### YOUR ASSIGNMENT:
Please copy all of the entries exactly, but drop every picture.

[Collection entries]
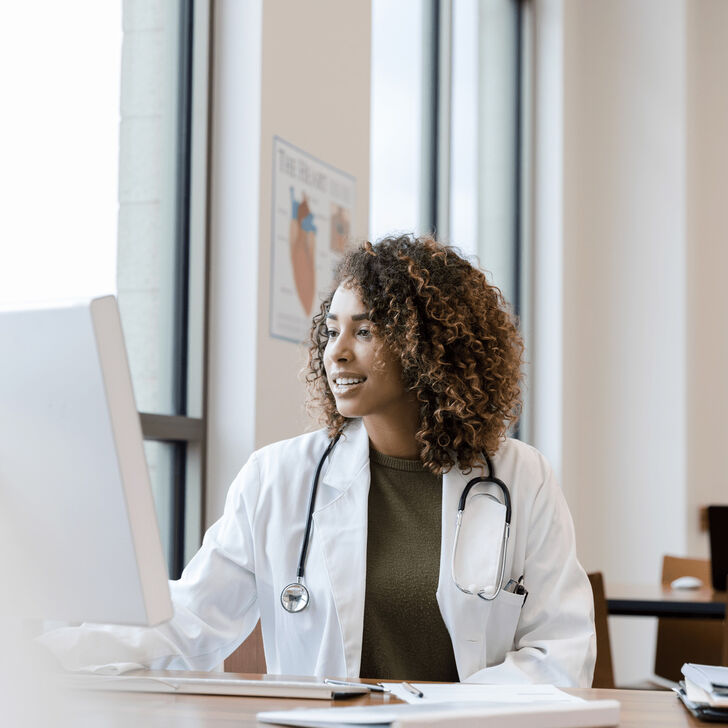 Female Physician using computer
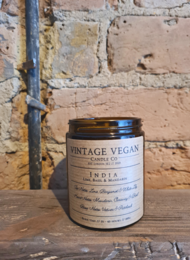 Vintage vegan soy travel candle with lime, basil, and mandarin scents. Comes in a glass jar with a metal lid.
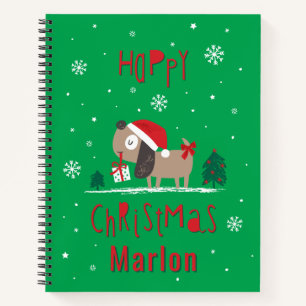 Cute Christmas dog with gift on green Notebook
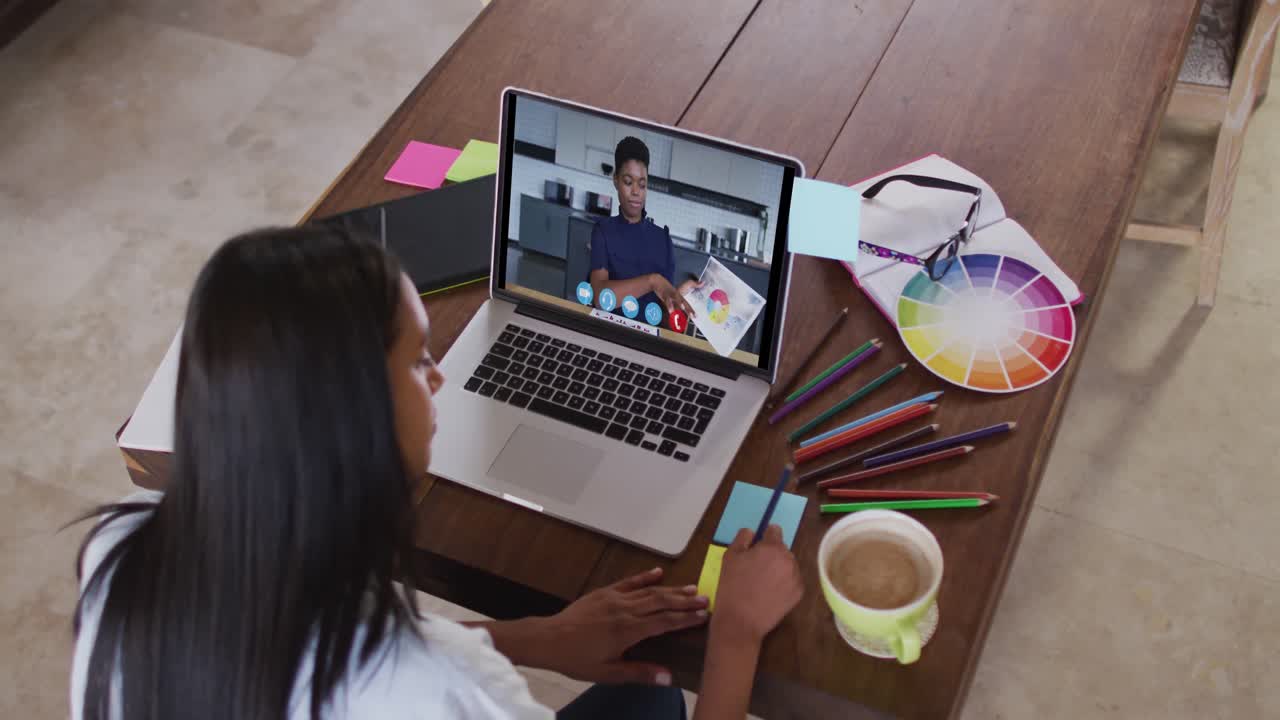 mujer caucásica usando una computadora portátil en videollamada con una colega y tomando notas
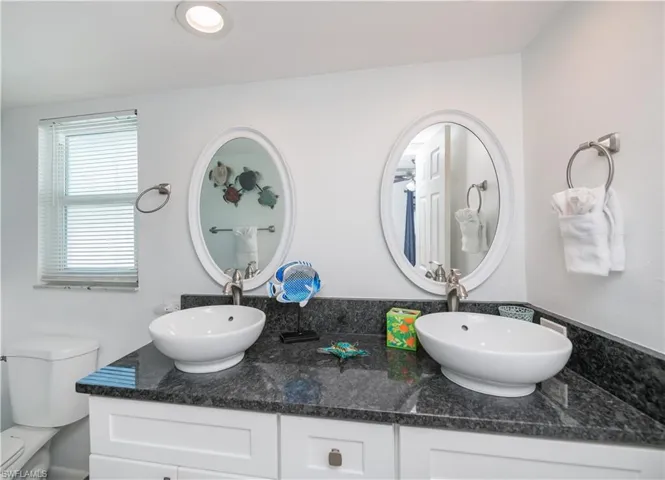 Full bathroom featuring double vanity and toilet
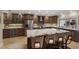 Gourmet kitchen with custom cabinets, stainless steel appliances, and a large island with seating for casual dining at 1780 Pine Harrier Cir, Sarasota, FL 34231
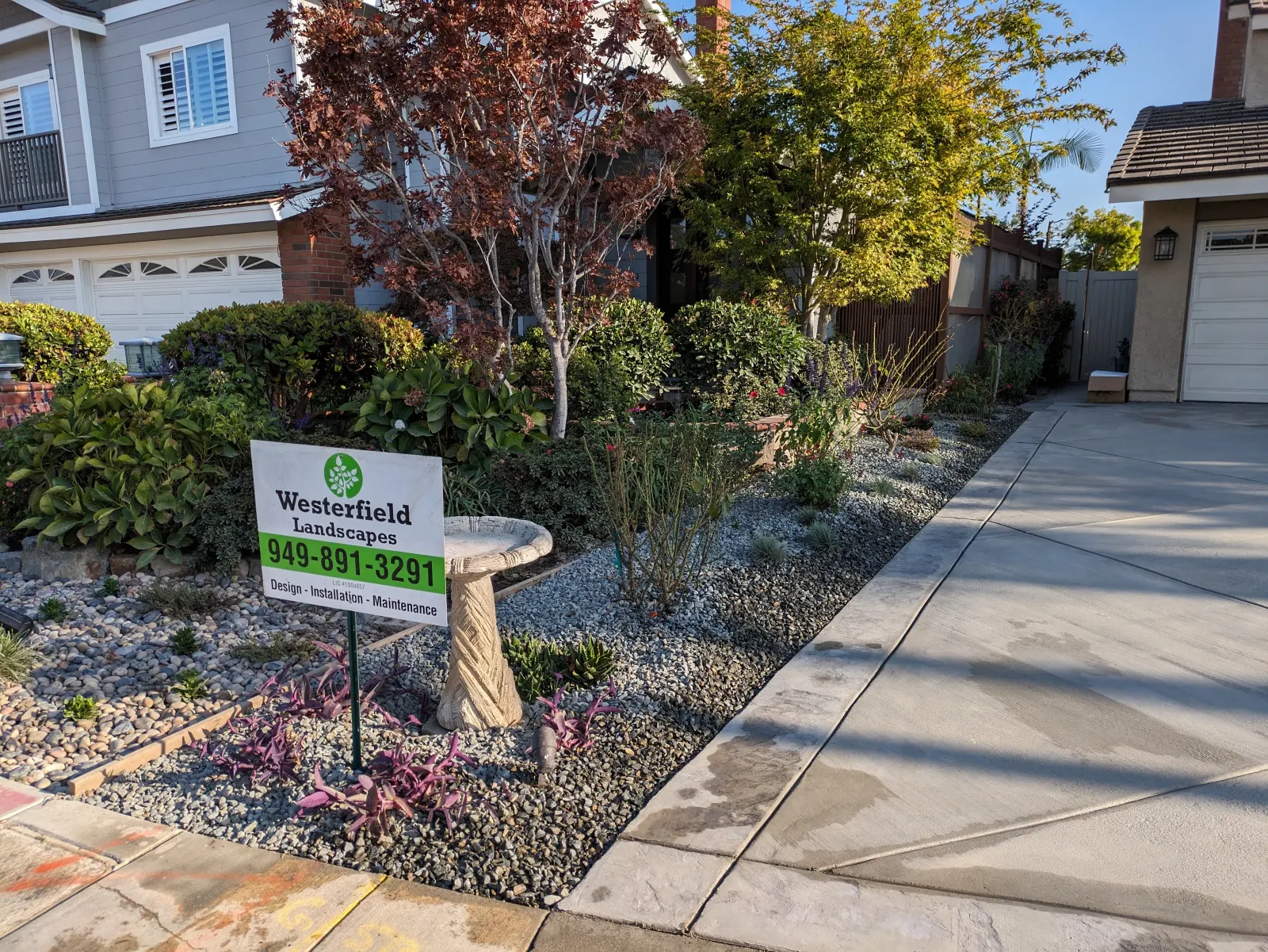 Front yard landscaping with gray gravel mulch, decorative plants, birdbath, and a company yard sign.
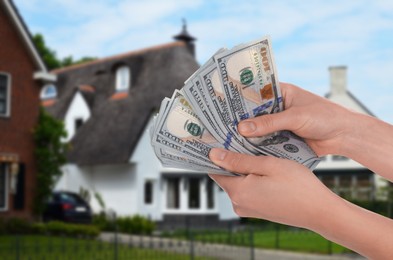 Image of Woman counting money against beautiful house, closeup. Real estate purchase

### FINISHED TASK:
 Female Physician using computer
 Vintage vegan soy travel candle with lime, basil, and mandarin scents. Comes in a glass jar with a metal lid.
 Cute Christmas dog with gift on green Notebook
 mujer caucásica usando una computadora portátil en videollamada con una colega y tomando notas
 Full bathroom featuring double vanity and toilet
 Gourmet kitchen with custom cabinets, stainless steel appliances, and a large island with seating for casual dining at 1780 Pine Harrier Cir, Sarasota, FL 34231
 Front yard landscaping with gray gravel mulch, decorative plants, birdbath, and a company yard sign.
 Image of Woman counting money against beautiful house, closeup. Real estate purchase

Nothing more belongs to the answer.